El
esfuerzo dedicado al seguimiento de un sistema financiero en permanente y
profunda transformación, con todas las tensiones del día a día, me impide
prestar la atención que desearía —y que debiera— a ámbitos ajenos a las
finanzas pero mucho más enriquecedores.
En
uno de nuestros periódicos intercambios epistolares (entiéndase “epistolar” en
sentido amplio, para que tengan cabida los correos electrónicos y los mensajes
de WhatsApp), Rosa Freire me recomendó el libro “Hitch-22. Memorias: Confesiones
y contradicciones”, de Christopher Hitchens.

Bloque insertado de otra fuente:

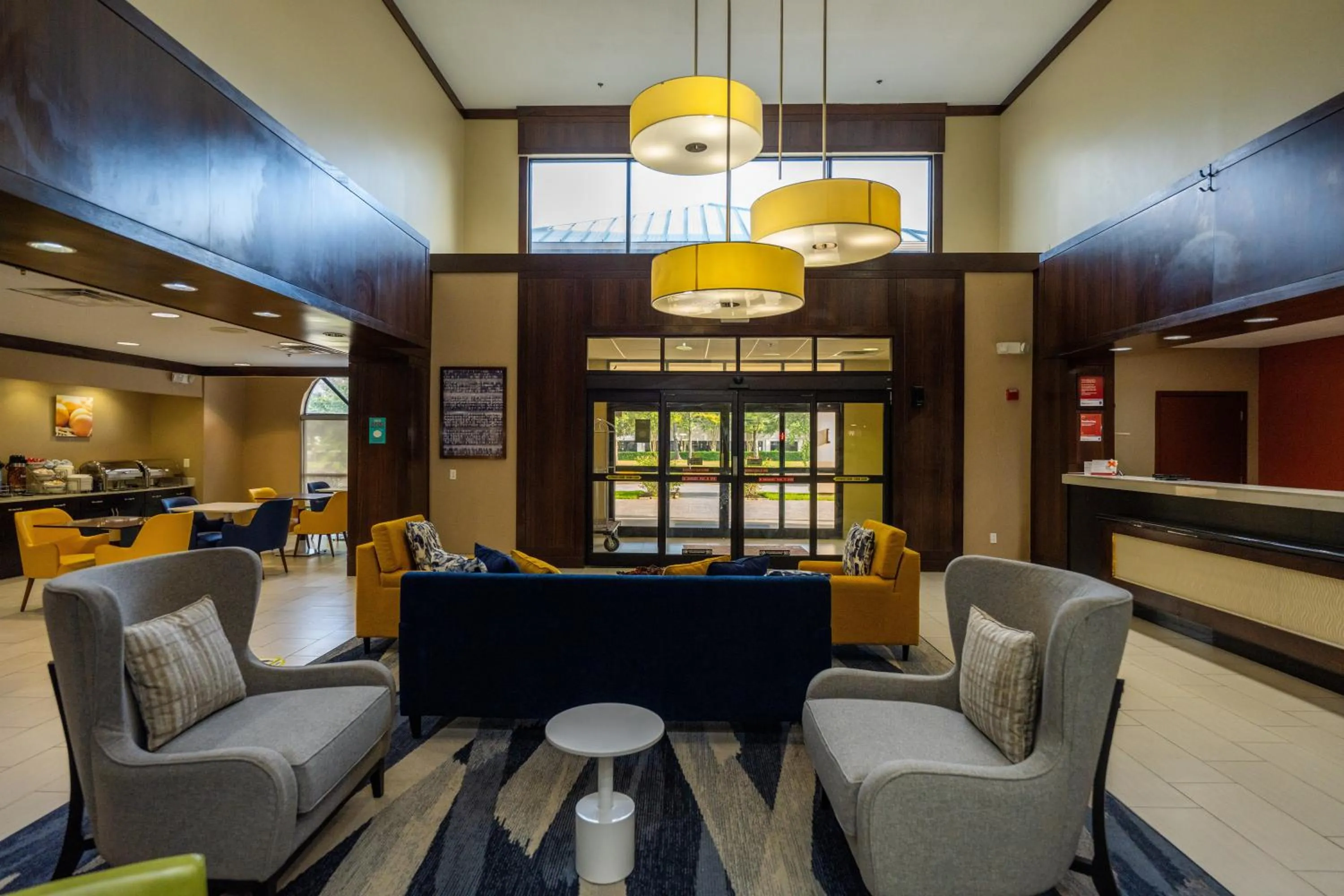 Lobby or reception in Comfort Suites Houston West at Clay Road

No es inhabitual, por cierto, que
Rosa me escriba desde distantes ciudades en las que se encuentra de visita por
motivos de trabajo, y que su saludo venga acompañado, invariablemente, de
alguna reflexión de esas que aportan algo de color al momento, rodeado como uno
se encuentra de regulación procedente del Banco Central Europeo o de la
Autoridad Bancaria Europea, o de información sobre la última ampliación de
capital del Popular o el avance del Ibex-35.
Desde
su recomendación pasaron meses, pero en una de esas deliciosas tardes de sábado
en las que uno deambula por una librería (por FNAC, en concreto, todo hay que
decirlo), hojeando un libro por aquí y otro por allí, de repente me vi con “Hitch-22”

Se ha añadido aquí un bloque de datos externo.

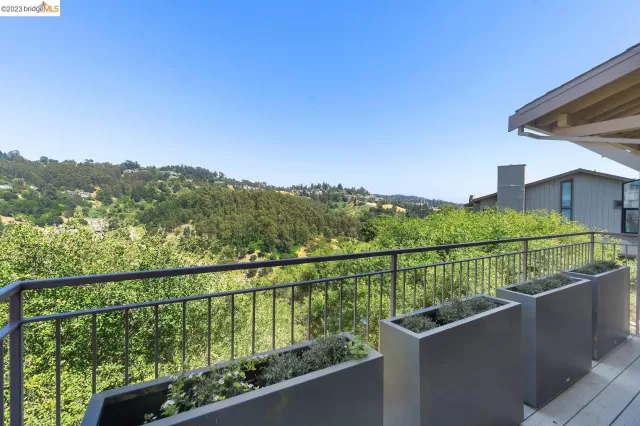 MLS: 41031455 Condo For Sale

en mis manos. Sin pensarlo, me fui a la caja y lo compré sobre la marcha.
No
conocía a Hitchens, que falleció en 2011, a los 62 años de edad, y lamento de
veras este descubrimiento tardío, porque tras la lectura de “Hitch-22” he encontrado
a un personaje singular, más allá de que se puedan compartir sus opiniones o
no.
Hitchens
era un intelectual de izquierdas —en su origen— entregado a las cuestiones y
polémicas más complejas (el “problema” judío, la cuestión de Irlanda del Norte,
el terrorismo islámico, la existencia de Dios…) y a los debates más tensos. De
hecho, en la portada del libro figura, entre otras, una frase de Richard
Dawkins: “si te invitan a un debate con Chistopher Hitchens, no vayas”.
“Hitch-22”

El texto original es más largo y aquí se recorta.